That was the scenario the Wasatch Front Regional Council presented to the Utah Air Travel Commission this week. Council aviation planner Dennis Coombs told the commission, the group charged with improving Utah's air service, that the FAA has decreed that every large hub airport must be designated a Traffic Control Area. Salt Lake International well exceeds the traffic required for that label.Coombs said this decision arose from the 1986 collision over Los Angeles of a private plane and a scheduled airliner. "After that, the FAA said we can't have any more of this," said Coombs.

As it stands now, private pilots flying under visual flight rules may fly through the valley and the airport area without radioing the tower for permission. Under the Traffic Control Area plan, they will not be allowed to do this within certain distance and height restrictions.

Under the FAA plan, explained Coombs, the Traffic Control Area sits over the airport much like an inverted wedding cake, with concentric rings widening out from the airport in increasing altitudes.

Although this will likely prove an inconvenience to private pilots accustomed to coming and going with considerably more freedom, it will also impact their wallets.

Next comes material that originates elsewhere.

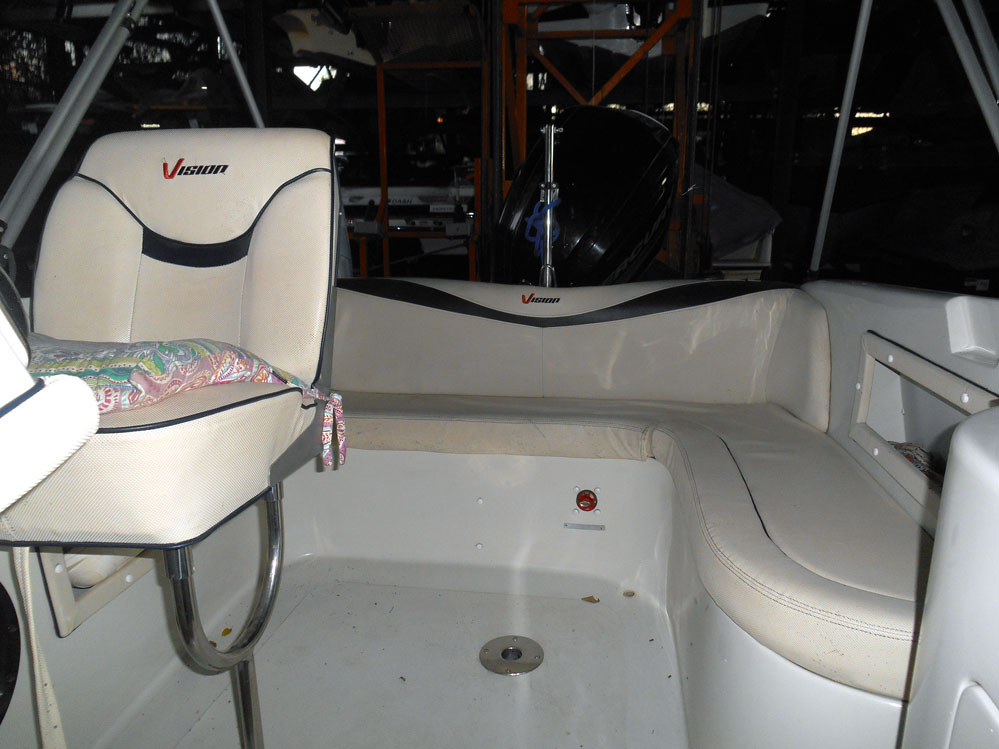 cruceros - DAYCRUISER - VISION CABIN 665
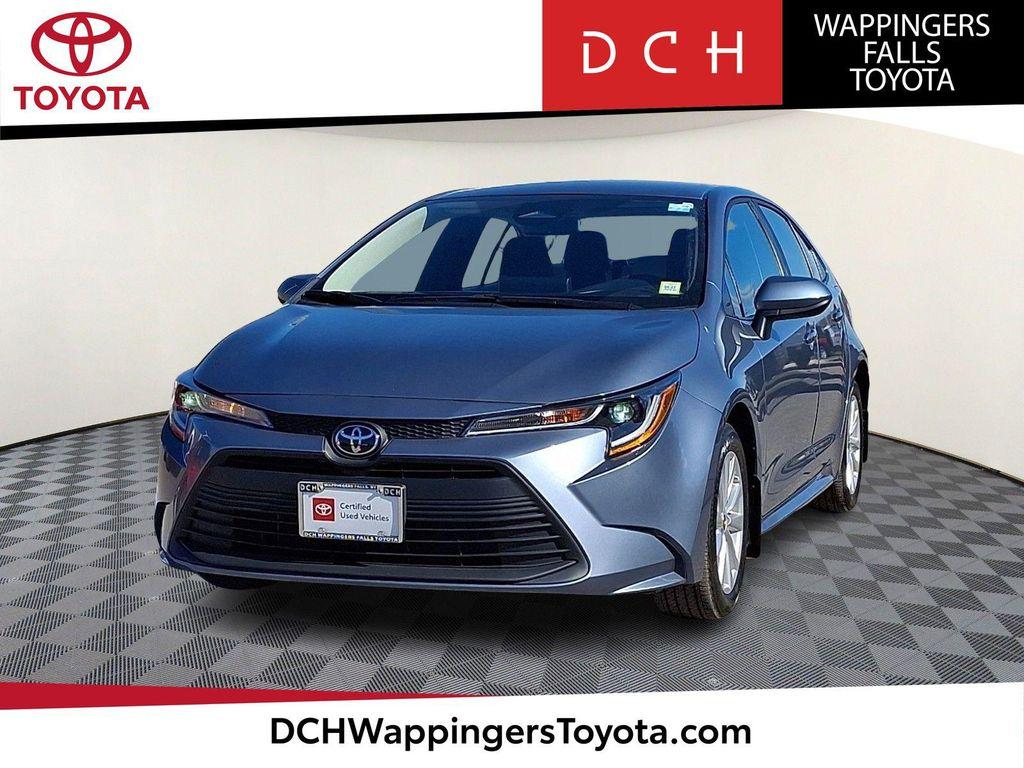 used 2025 Toyota Corolla car, priced at $22,492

To enter the Traffic Control Area will require their planes carry several pieces of radio and electronic gear that many don't have.

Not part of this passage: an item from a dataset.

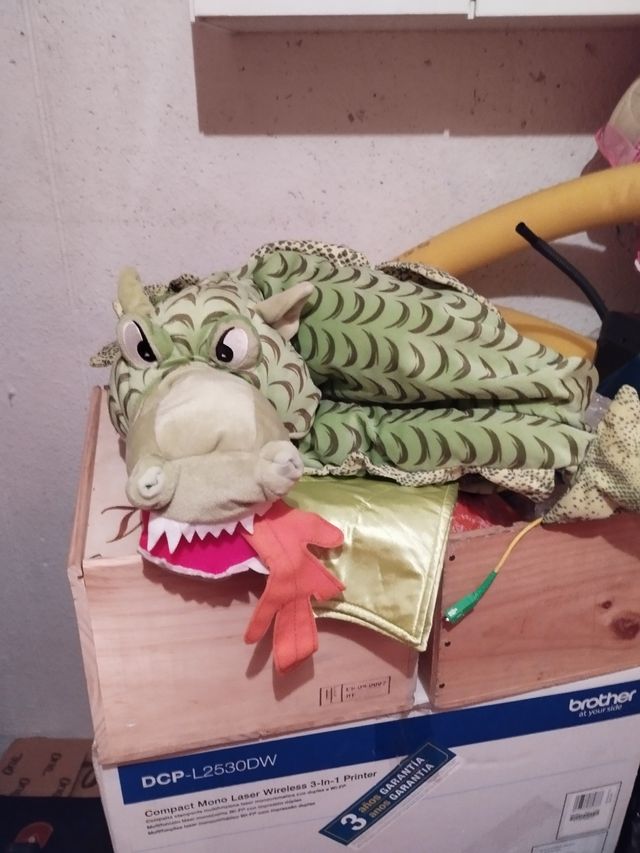 Peluche Dragón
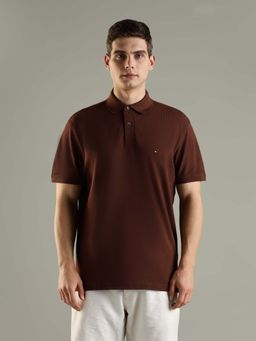 Tommy Hilfiger - Solid Relaxed Fit Cotton Polo T-Shirt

Even those that have fairly sophisticated radio equipment usually don't have "mode C" capability for their transponders, said Coombs, an addition that will cost them $700-$1,000. Mode C allows controllers to determine the altitude of an aircraft.

But whether Salt Lake International will become a Traffic Control Area is not open to debate, Coombs made clear. Under the ruling, the airport will become a TCA, and that's that. But the FAA's proposal for the TCA configuration is better suited to Kansas City or some other flat terrain that it is Salt Lake City, he said. The plan does not take into account the Wasatch Range.

Coombs presented for the commission's review ASPAC III, a highly modified plan that is a much more angular and complex layout than FAA's three concentric rings but is one that would establish visual flight corridors through which small planes could transit the valley without Mode C and without coming under air traffic control.

Perhaps even more importantly, the ASPAC (Airport System Planning Advisory Committee) would not only exclude Airport No. 2, it would provide an exemption or "cutout" for the Salt Lake Skypark in Woods Cross. Planners agree that under the FAA plan, Skypark would likely have to close.

The heavily modified ASPAC proposal has been submitted to FAA, said Coombs, but he said he has no idea if it will be accepted.